- Iron ore spot markets fell on Tuesday. However, they managed to avoid the worst of the carnage seen in Chinese steel futures during the session.
- Reports that Chinese regulators will allow local officials to set production curbs on heavy industry over winter led to speculation the cuts won’t be as large as previously thought, contributing to steep declines in steel futures in particular.
- They remained under pressure in overnight trade on Tuesday, weighing on bulk commodity contracts, including iron ore, during the session.
Iron ore spot markets fell modestly on Tuesday, managing to avoid what could only be described as carnage in Chinese steel futures during the session.

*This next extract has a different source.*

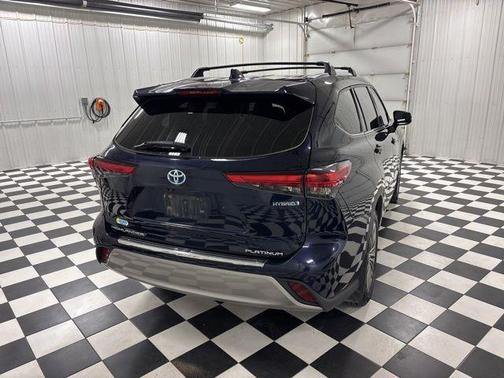 Gray 2021 Toyota Highlander Hybrid Platinum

According to Metal Bulletin, the price for benchmark 62% fines dipped 0.2% to $67.67 a tonne, adding to the steep decline seen on Monday.
Lower and higher grades also weakened over the session.

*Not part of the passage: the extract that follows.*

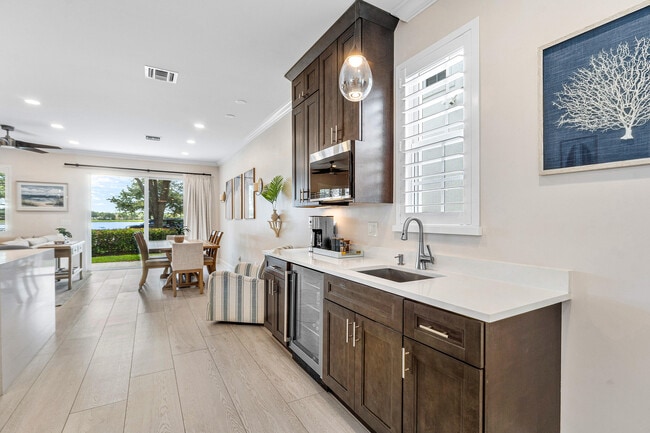 Building Photo - 550 Tomahawk Ct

The price of 58% fines slipped 0.5% to $38.78 while 65% fines fell by a smaller 0.4% to $96 a tonne.
While prices fell across the board, they were insignificant compared to those seen in Chinese steel futures on Tuesday.
They were massive.
Rebar futures in Shanghai slumped 4.3% from Monday’s day session close, finishing trade at 4,071 yuan. That was also well below the 4,176 yuan level it closed Monday’s night session.
Hot-rolled coil futures were hammered even more, tumbling 4.6% from Monday’s day session close to 3,969 yuan.
The losses coincided with reports that Chinese regulators will allow local officials to set output restrictions for heavy industry over winter, rather than blanket bans that had been used in the past.
“Production cuts on heavy industry will remain this winter, but detailed cutting rates will be set by local authorities based on their own situation,” an unnamed source told Reuters.
Markets had been expecting large-scale curbs to be introduced given China’s Ministry of Ecology and Environment (MEE) had proposed cutting steel production by as much as 50%, and primary aluminium as much as 30%, in some areas during winter.
The report received on Tuesday clearly created some doubt in traders minds as to whether the restrictions will be that severe, resulting in widespread losses in not only steel futures but also bulk commodity contracts traded in Dalian.
Iron ore was spared the worst of the carnage, finishing the day at 492.5 yuan, down marginally from Monday’s night session close of 494 yuan.
Coking coal futures were also resilient, ending trade at 1,287.5 yuan, only marginally below the prior close of 1,292 yuan.
“While steel prices have been a driver of iron ore markets in recent times, the spectre of better-than-expected output helped support sentiment in the raw material markets,” said analysts at ANZ Bank.
However, linked to speculation that environmental restrictions may not be as severe as previously thought, coke futures were hammered, slumping 4.9% from Monday’s day session close to finish the day at 2,275.5 yuan. It closed Monday’s night session at 2,358 yuan.
Big losses, and moves that were largely sustained in overnight trade on Tuesday.
Here’s the closing scoreboard.
SHFE Rebar ¥4,093 , -1.68%
DCE Iron Ore ¥487.50 , -1.61%
DCE Coking Coal ¥1,262.50 , -2.47%
DCE Coke ¥2,274.00 , -2.40%
While rebar futures climbed marginally, all remaining bulk commodity contracts were either unchanged or closed lower.
Given steel futures led the Tuesday selloff, the movements in those contracts could well dictate broader sentiment levels on Wednesday.
Trade in Chinese futures will resume at 11am AEST.